**Exercise prompt:** Look through the data below for the line with "Heart Pink Petals" and the line with "A young boy rides on his dad's shoulders.", then transcribe exactly from the first through the second, leaving out all pictures.

**Given data:**
*** Begin section ***
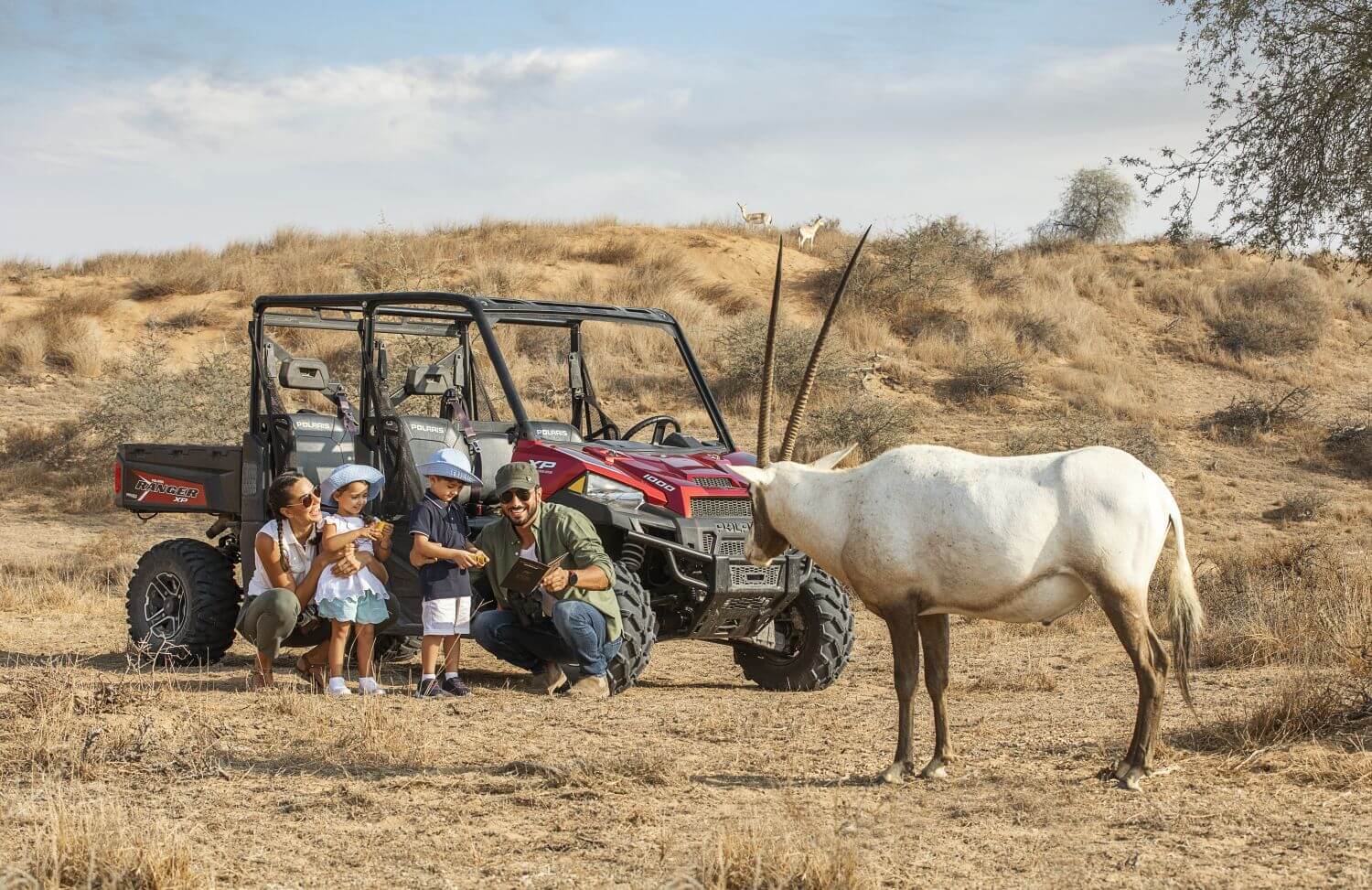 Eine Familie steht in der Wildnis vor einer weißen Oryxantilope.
*** End section ***
*** Begin section ***
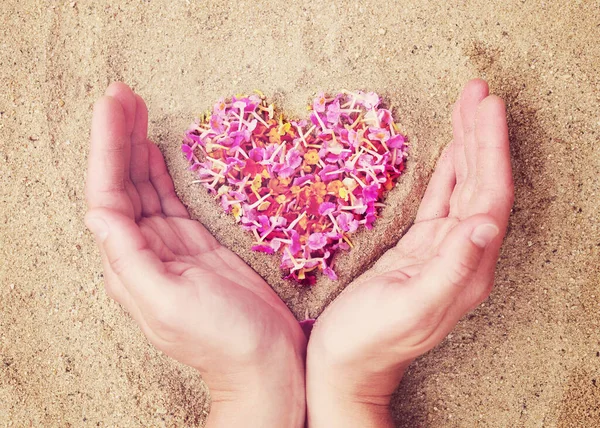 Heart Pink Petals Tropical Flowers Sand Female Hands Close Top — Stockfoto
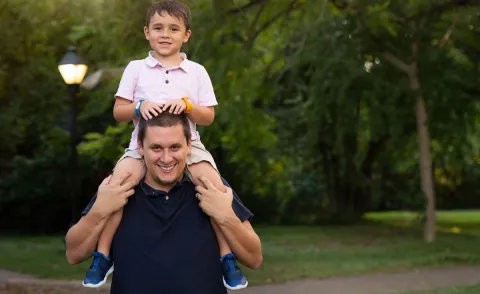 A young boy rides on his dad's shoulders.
*** End section ***
**Response to this task:**
 Heart Pink Petals Tropical Flowers Sand Female Hands Close Top — Stockfoto
 A young boy rides on his dad's shoulders.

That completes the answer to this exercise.